Of course, a really big problem with cheap SSDs is lame firmware because what you need is a good flash translation later (FTL) which does wear levelling, sector translations, etc. These things are VERY proprietary and HEAVILY patented. A dirt cheap crappy controller you might find on low end thumbdrives and memory cards may not even DO translation or wear levelling. The other problem is the flash translation table must be stored somewhere so the device can find your data (because of wear levelling, where your data is actually stored versus where your PC thinks it is different - again, the FTL handles this). For some things, it's possible to just scan the entire array and generate the table live, but generally it's impractical at the large scale because it requires time to perform the scan. So usually the table is stored in flash as well, which of course is not protected by the FTL. Depending on how things go, this part could corrupt itself easily leading to an unmountable device or basically, a dead SSD.
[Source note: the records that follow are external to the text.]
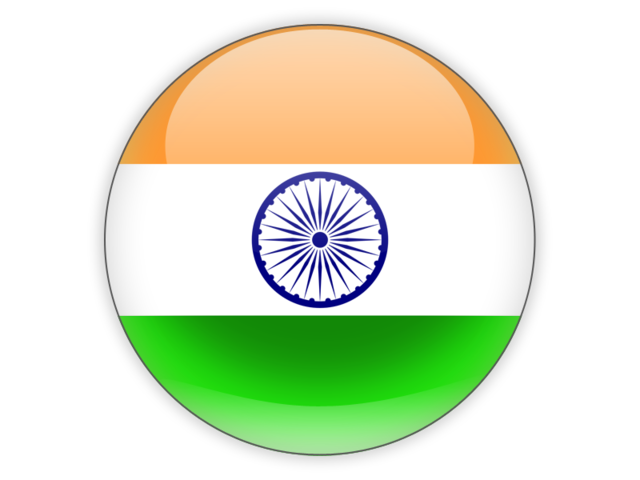 India Flag
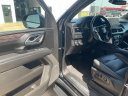 Thumbnail image of 2023 Chevrolet Suburban at Midway Motors Hutchinson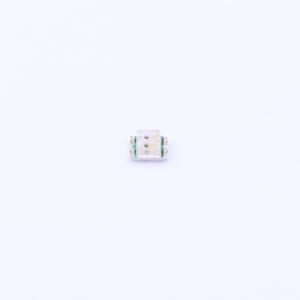 19-223/R7G6C-A01/2T商品缩略图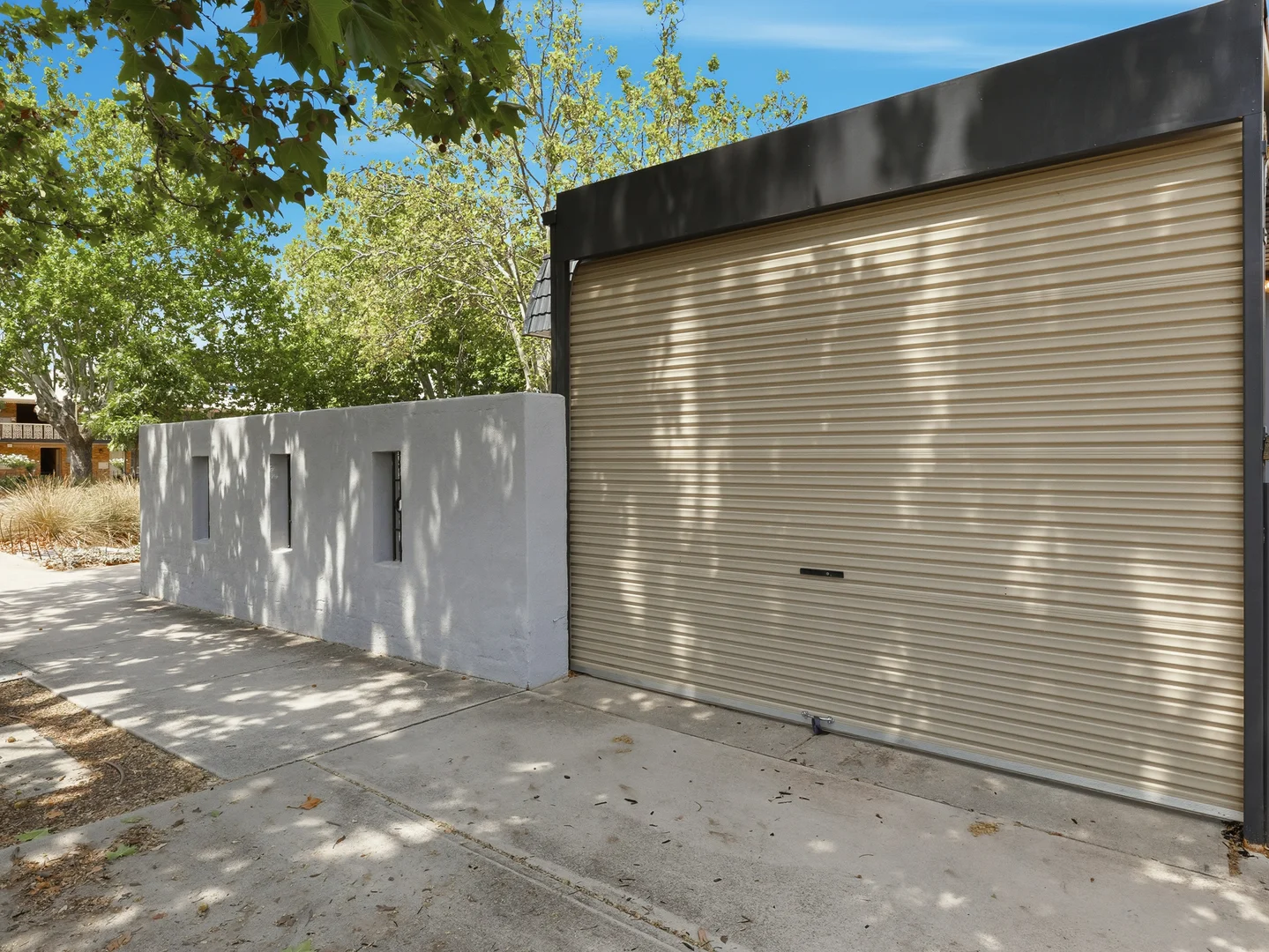 Additional image 21 of 1/9 Cusack Street, Wangaratta VIC 3677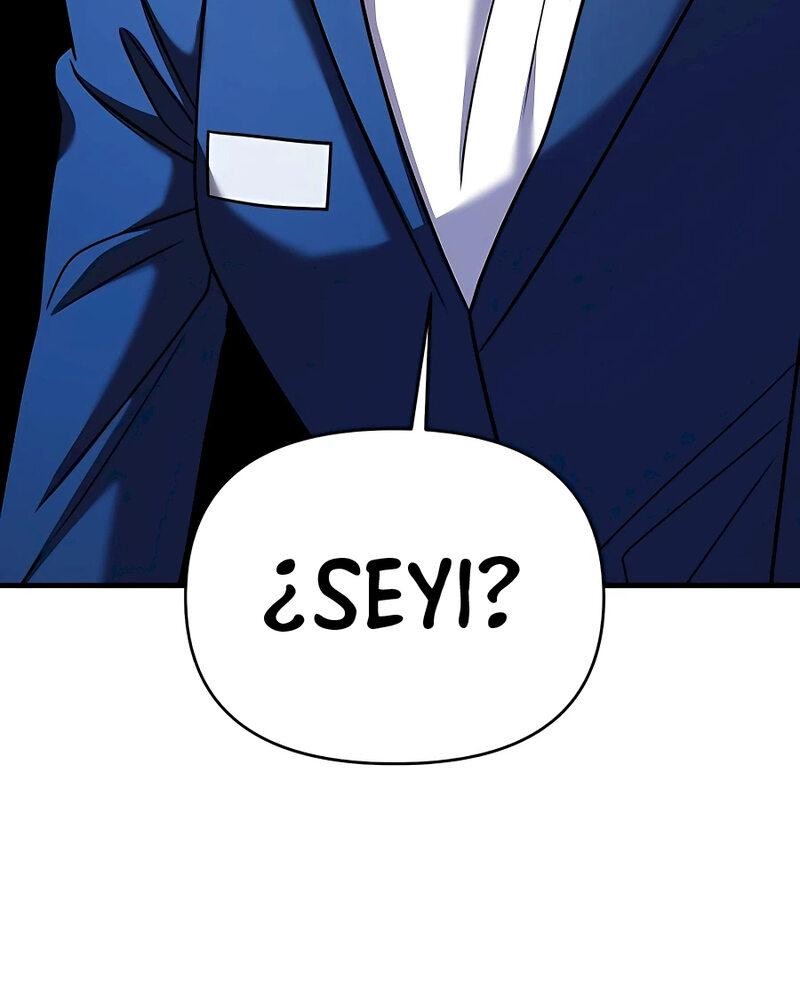 Villana pura Capítulo 30 - Página 168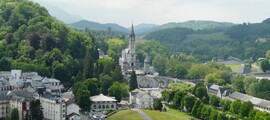 Châteauroux: wynajem prywatnych odrzutowców 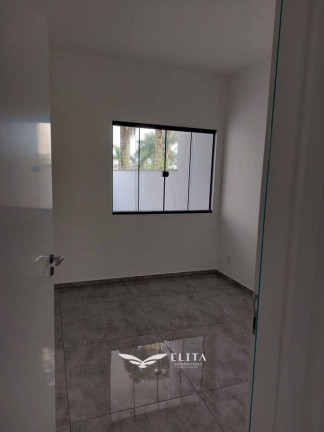 Imagem Casa com 2 Quartos à Venda, 86 m² em Itajuba - Barra Velha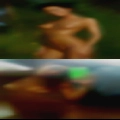 Redondo Beach nude girls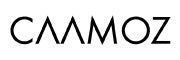 CAAMOZ(カーモズ)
For some REAL analysis, some brave souls have been stressing cheap SSDs to their limits until failure - http://www.xtremesystems.org/forums/showthread.php?271063-SSD-Write-Endurance-25nm-Vs-34nm [xtremesystems.org]
Some of those SSDs are actually still going strong.
The best bet is to buy from people who know what they're doing - the likes of Samsung (VERY popular with the OEM crowd - Dell, Lenovo, Apple, etc.), Toshiba, and Intel - who all make NAND memory and thus actually do have experience on how to best balance speed and reliability. Everyone else is just using the datasheet and just assembling them together like they would any other PC part.